§ **Data extract**

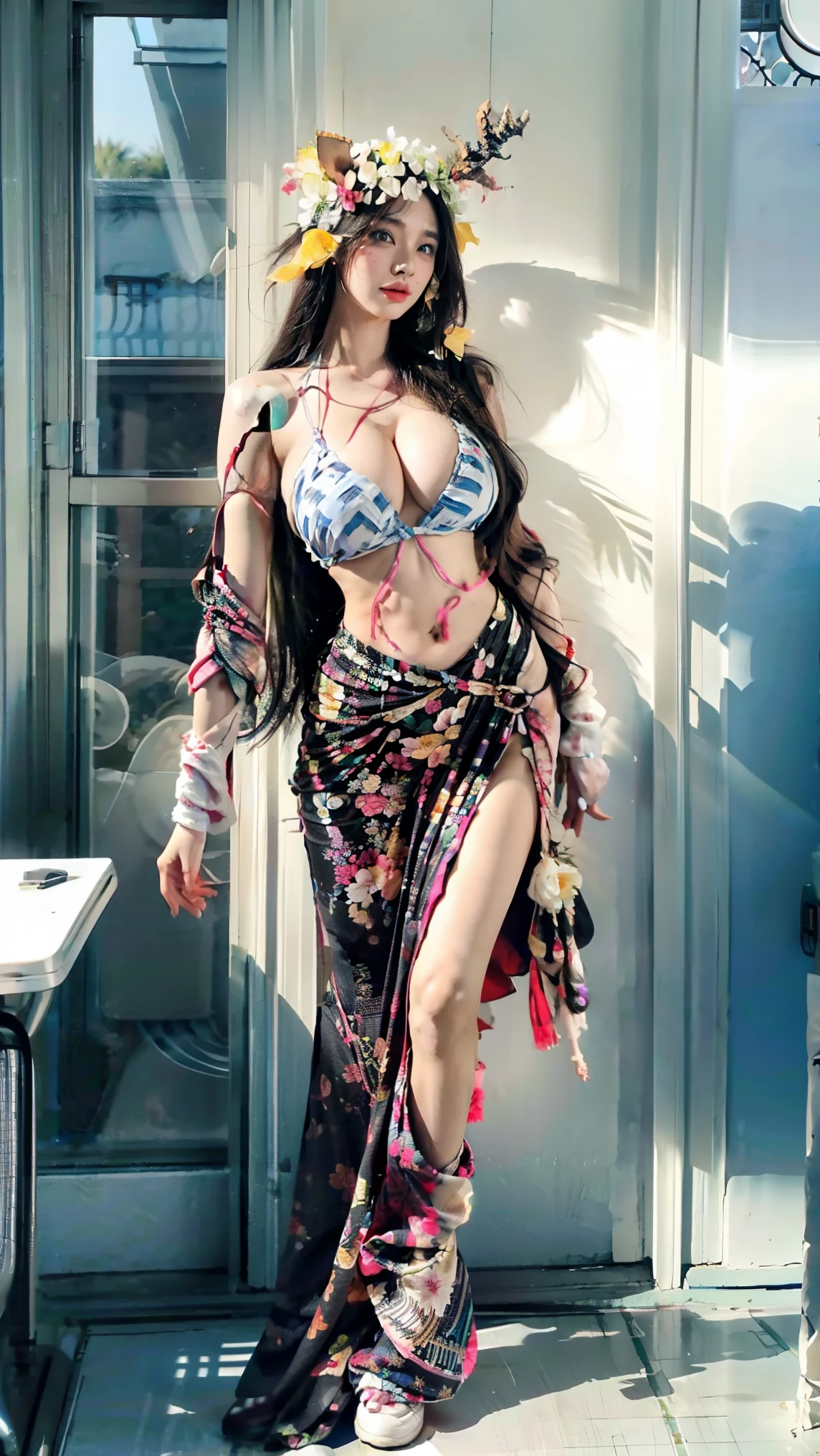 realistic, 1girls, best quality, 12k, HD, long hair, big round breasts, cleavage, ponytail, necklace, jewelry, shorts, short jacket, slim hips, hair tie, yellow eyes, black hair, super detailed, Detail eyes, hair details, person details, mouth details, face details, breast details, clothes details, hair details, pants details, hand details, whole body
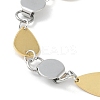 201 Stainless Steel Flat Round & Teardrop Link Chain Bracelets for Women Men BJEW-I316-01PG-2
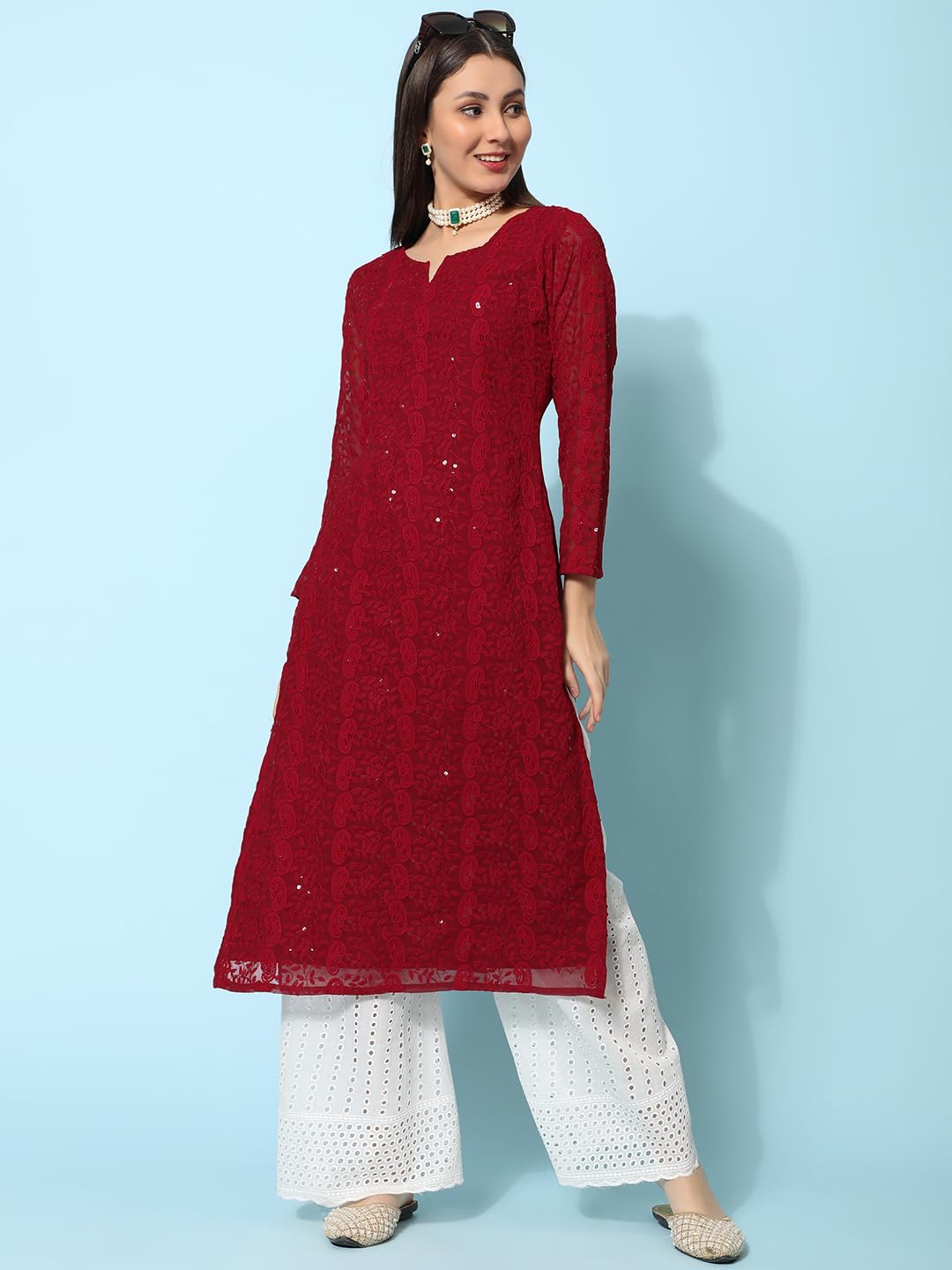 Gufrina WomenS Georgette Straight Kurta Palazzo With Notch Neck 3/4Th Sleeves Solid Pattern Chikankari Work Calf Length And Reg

§ **Work task**
What you return must match the material above exactly, apart from its pictures.

§ **Response to this task**
 realistic, 1girls, best quality, 12k, HD, long hair, big round breasts, cleavage, ponytail, necklace, jewelry, shorts, short jacket, slim hips, hair tie, yellow eyes, black hair, super detailed, Detail eyes, hair details, person details, mouth details, face details, breast details, clothes details, hair details, pants details, hand details, whole body
 201 Stainless Steel Flat Round & Teardrop Link Chain Bracelets for Women Men BJEW-I316-01PG-2
 Gufrina WomenS Georgette Straight Kurta Palazzo With Notch Neck 3/4Th Sleeves Solid Pattern Chikankari Work Calf Length And Reg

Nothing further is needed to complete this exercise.